Sapeva di football, avendolo giocato. Sul prato dell'Olimpico di Roma, indossando l'impermeabile, il mocassino e l'eleganza di sempre, esibì un cross perfetto, da fermo, per Raimondo Ponte, stupito per il gesto e la precisione balistica, come gli altri calciatori svizzeri che preparavano l'amichevole contro gli azzurri campioni del mondo. Un paio di altri episodi, con la testimonianza di Paolo Taveggia, ribadiscono come la radio, la televisione e il giornalismo di allora, fossero non soltanto una avventura da pionieri ma un territorio di fantasia e di creatività. Beppe, ultrasettantenne, incominciò ad accusare qualche problema alla vista. Fininvest aveva preso in esclusiva i diritti delle tre amichevoli del Brasile nel giugno dell'84. La prima si giocò al Maracanà di Rio contro l'Inghilterra. La postazione radiotv era ad altezza empirea, Beppe non riusciva a decifrare i numeri dei calciatori, lo aiutò l'occhio di falco, non quello tecnologico contemporaneo, ma Paolo Taveggia, il quale, come si usava tra i banchi di scuola durante l'interrogazione di matematica o simili, suggeriva con le dita delle mani il numero di maglia del calciatore in possesso di sfera. Albertini non si scompose mai, la cronaca fu perfetta, i gol di John Barnes e di Mark Hateley umiliarono i brasiliani. L'ultima partita del torneo amichevole, si giocò allo stadio Couto Pereira di Curitiba, impianto mai raggiunto dalla coppia, causa traffico infernale. Beppe colse la palla, anzi la sfera al balzo, si sistemò nella stanza di albergo, accese il televisore, si collegò via telefono e, davanti all'apparecchio, nella stanza dell'hotel, come a bordo della carrozza nel 43, Albertini Giuseppe raccontò la vittoria del Brasile sulla Celeste.

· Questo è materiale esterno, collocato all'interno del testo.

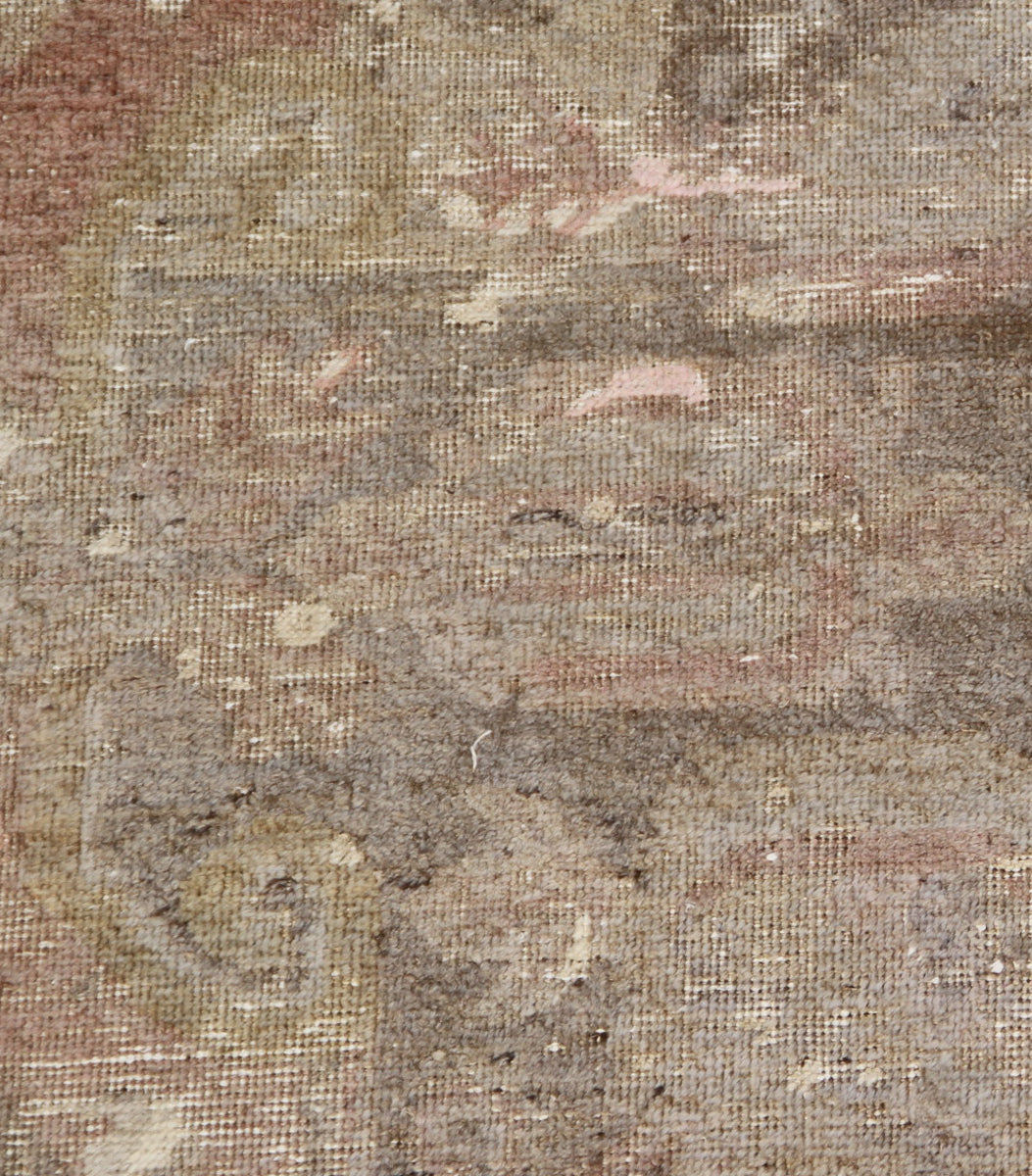 4x8 antique Samarkand hand-knotted wool area rug featuring faded floral motifs in muted tones by Ariana Rugs.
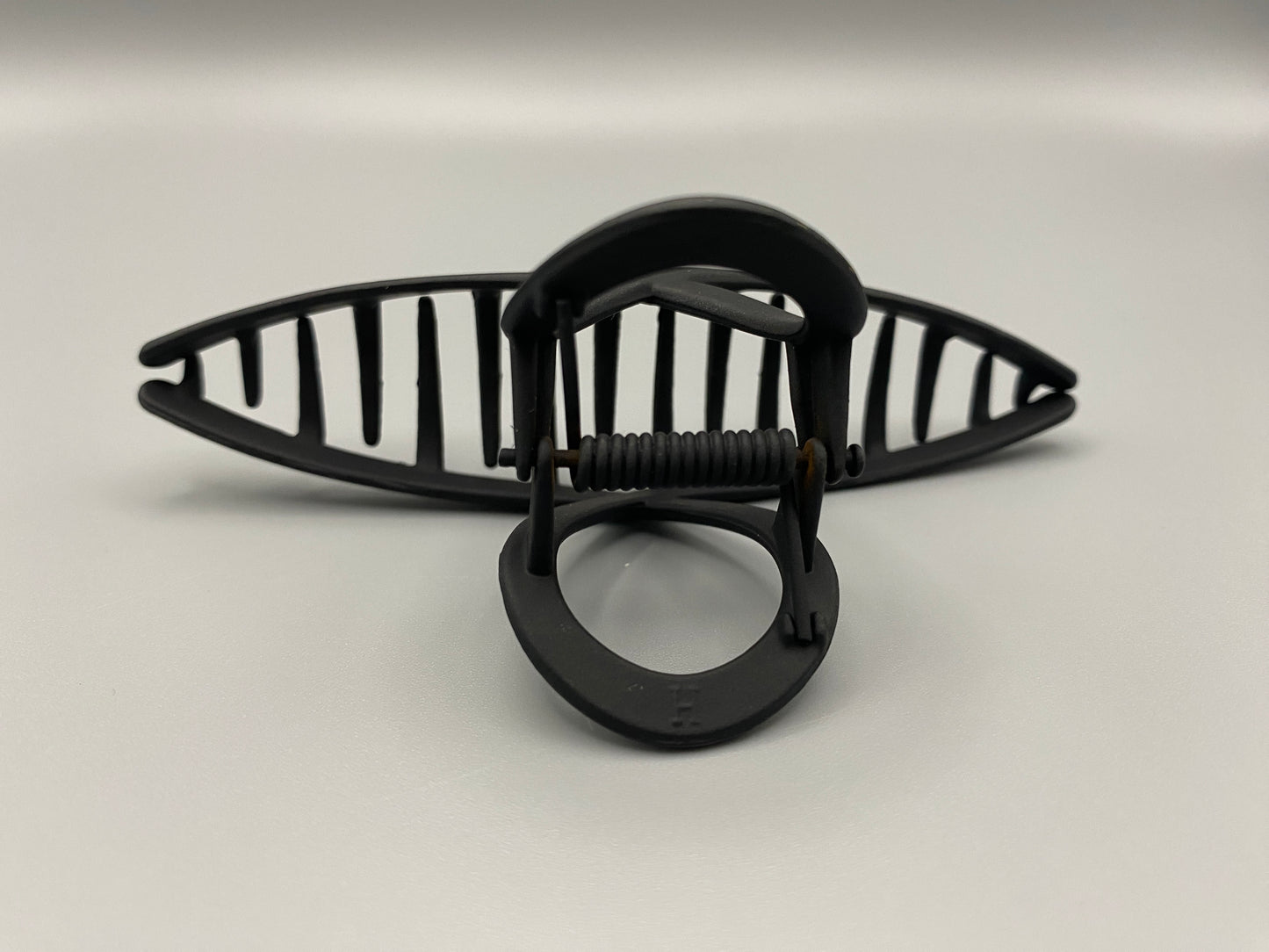 The Bethany Claw Grip Clip in Black, crafted from high-quality metal with a matte black finish. Measures 11 cm, designed for a secure hold and suitable for various hair types and styles. Durable and stylish, perfect for any outfit.”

Fu Giuseppe Albertini da Roma, presente davvero in tribuna a Tokyo, l'otto dicembre dell'anno successivo, a celebrare su Canale 5 il gol decisivo su rigore di Michel Platini che consegnò la coppa Intercontinentale alla Juventus, nella finale contro l'Argentinos Juniors. Al mondiale messicano venne colto, di notte, da crampi feroci al ventre. Lo soccorse Enrico Carpani, oggi direttore della Rsi, che raccolse in una borsa il necessario per il ricovero: mutande, canottiere e una camicia da notte, ricamata di blu in cachemire: «No, quella no, non credo si adatti alle circostanze, meglio quella bianca», quasi rantolando disse Pepi.

L'ultima notizia arrivò nel luglio dell'Ottantotto da Lugano: era morto un maestro, un signore. Un amico. Il nostro Giuseppe Beppe Pepi Albertini.